[Opening Data below section]

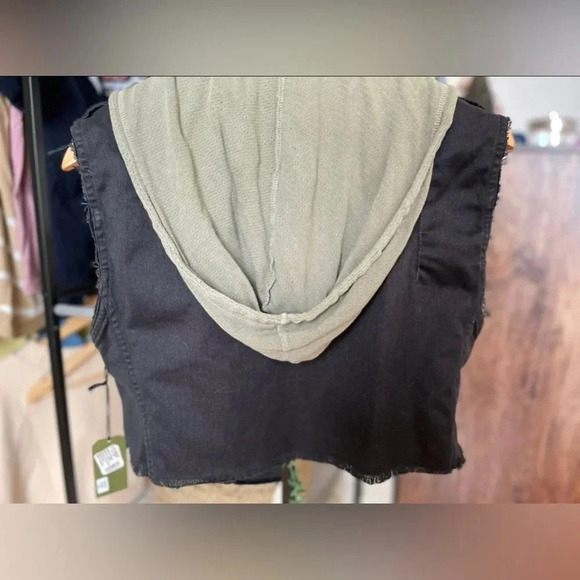 R&R SURPLUS VINTAGE HOODED VEST - Picture 5 of 6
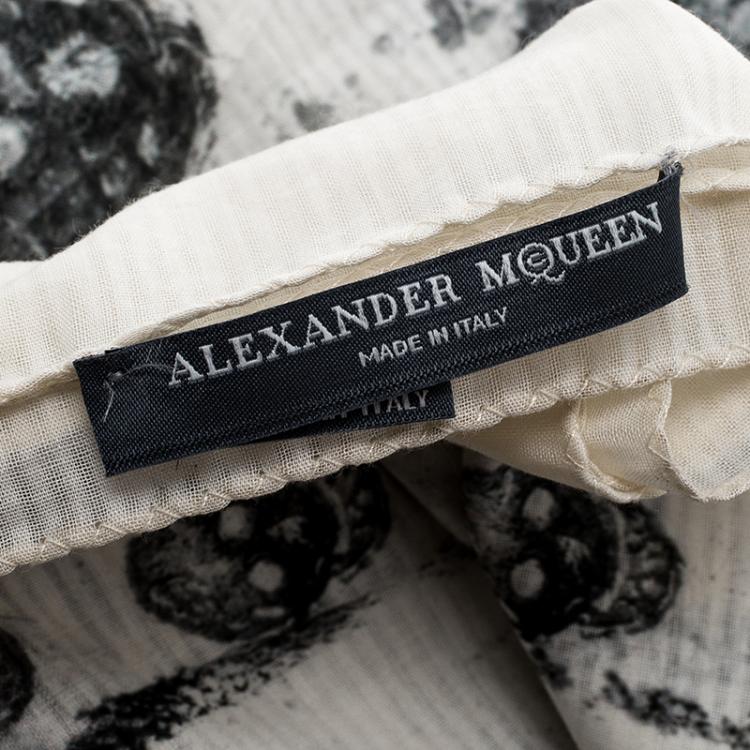 Pre Owned Alexander McQueen Off White Sprayed Skull Printed Cotton Scarf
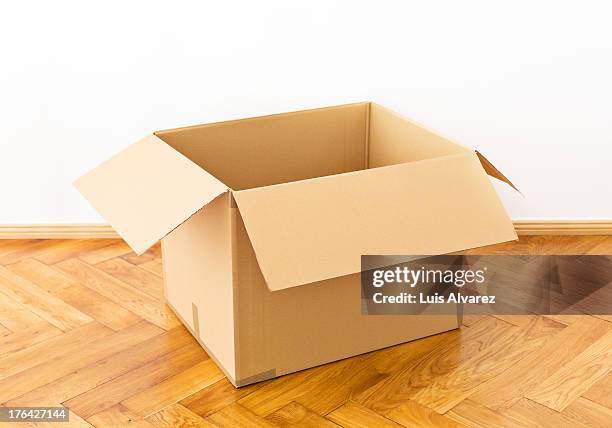 packaging box - leere schachtel stock-fotos und bilder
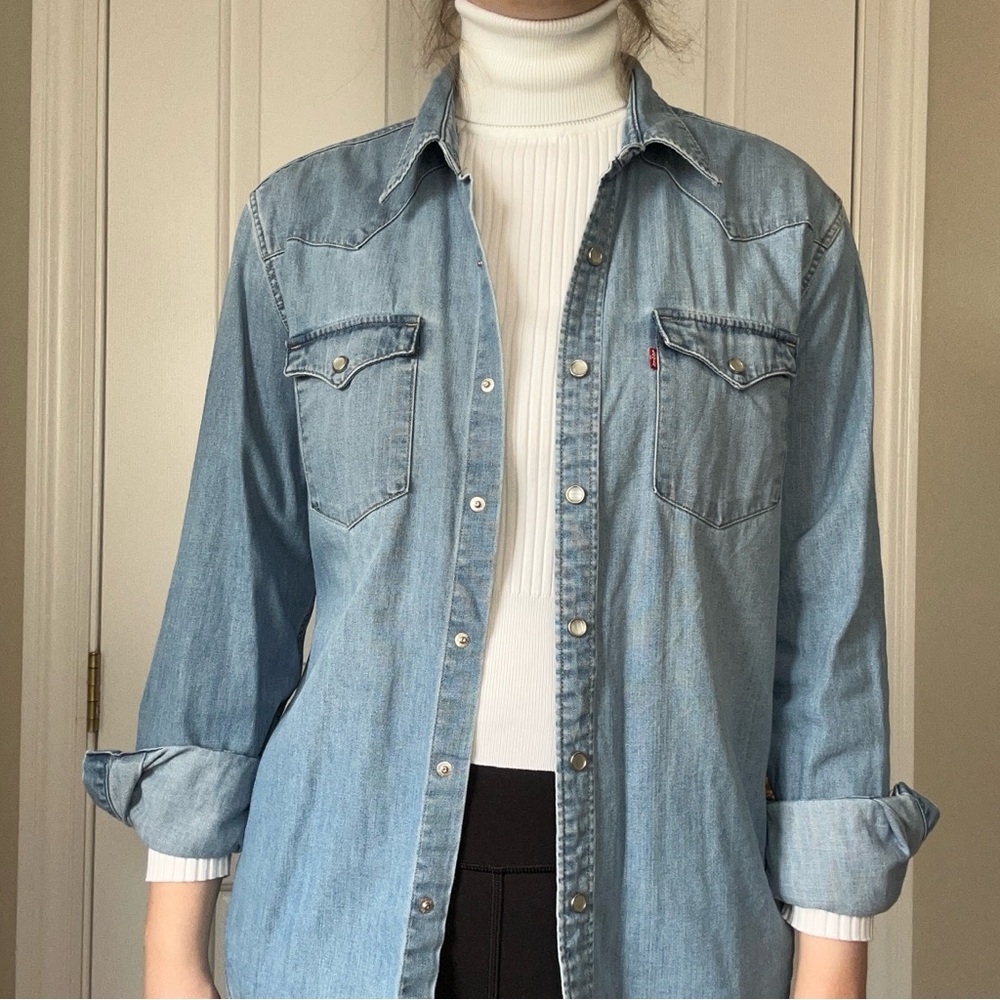 Levi’s Iconic Western Denim Shirt - Picture 3 of 10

[Closing Data below section]

* Required work
Print out the complete listing above exactly, dropping each image.

* Response to this exercise
 R&R SURPLUS VINTAGE HOODED VEST - Picture 5 of 6
 Pre Owned Alexander McQueen Off White Sprayed Skull Printed Cotton Scarf
 packaging box - leere schachtel stock-fotos und bilder
 Levi’s Iconic Western Denim Shirt - Picture 3 of 10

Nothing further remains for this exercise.